Why does Python never add itself to the Windows path?

Ben Sizer kylotan at gmail.com
Wed Jan 3 12:13:30 EST 2007


Chris Lambacher wrote:
> On Tue, Jan 02, 2007 at 09:08:41AM -0800, Ben Sizer wrote:
> > Chris Lambacher wrote:
> > > The python part of the 'python setup.py install' idiom needs to be omitted on
> > > Windows, but that does not mean that the solution is to automatically add it
> > > to PATH.
> >
> > Firstly, that solution only works for actual Python scripts; it doesn't
> > solve the utility scripts that are often installed to the /scripts
> > directory. It's a shame that many responses on this thread don't
> > address that half of the issue. Am I the only person who installs
> > packages that add scripts (not all of which are Python ones)?
>
> Nope, but just adding the scripts directory to the PATH does not solve the
> problem.  You also need to either create an executable launcher (.bat  or
> .exe) for the script or mess with environment variables to tell Windows to
> treat .py files a executable.  This issue is solved in Unix by toggling the
> executable bit on the file in the file system.

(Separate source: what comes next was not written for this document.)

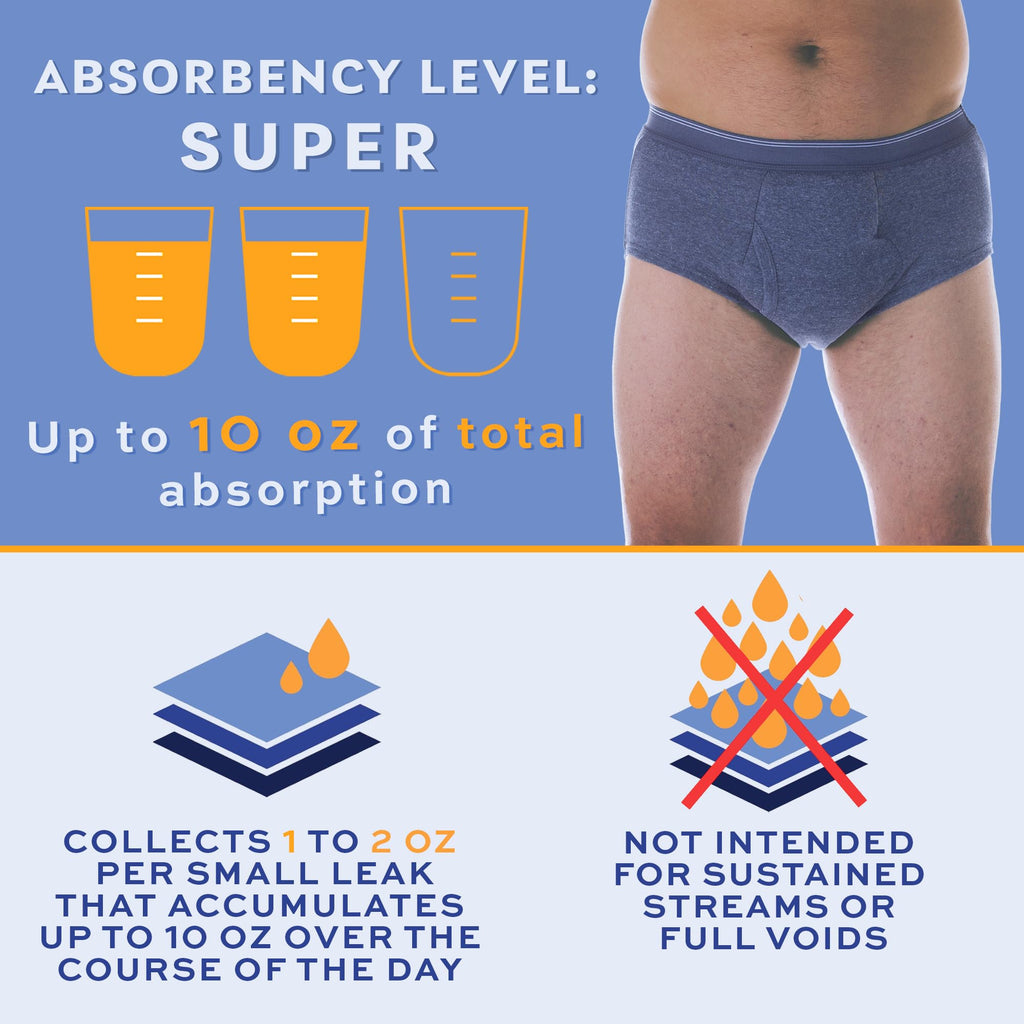 3-Pack Mens Super Absorbency Washable Reusable Bladder Control Briefs Grey 2X (Waist 44-45)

Many of the scripts that are installed come as batch files or other
executables. They just assume the directory is in your PATH already,
which they aren't, until you set it that way.

> > Secondly, it's still a significant difference from the Unix-based
> > installs.
>
> Its not really.  Unix installs default to being installed to the prefix /usr,
> which just happens to put the executable in your path.  It does not modify the
> user's path in any way.

I was talking more in terms of the end-user experience. I don't know of
any binary package on the distros I've used (Mandriva/Mandrake, Fedora
Core, and Kubuntu) that install Python without it going into your path,
nor of any that allow you to avoid that while using their standard
package managers. It may be incidental in some meaning of the term, but
it's expected and apparently intended.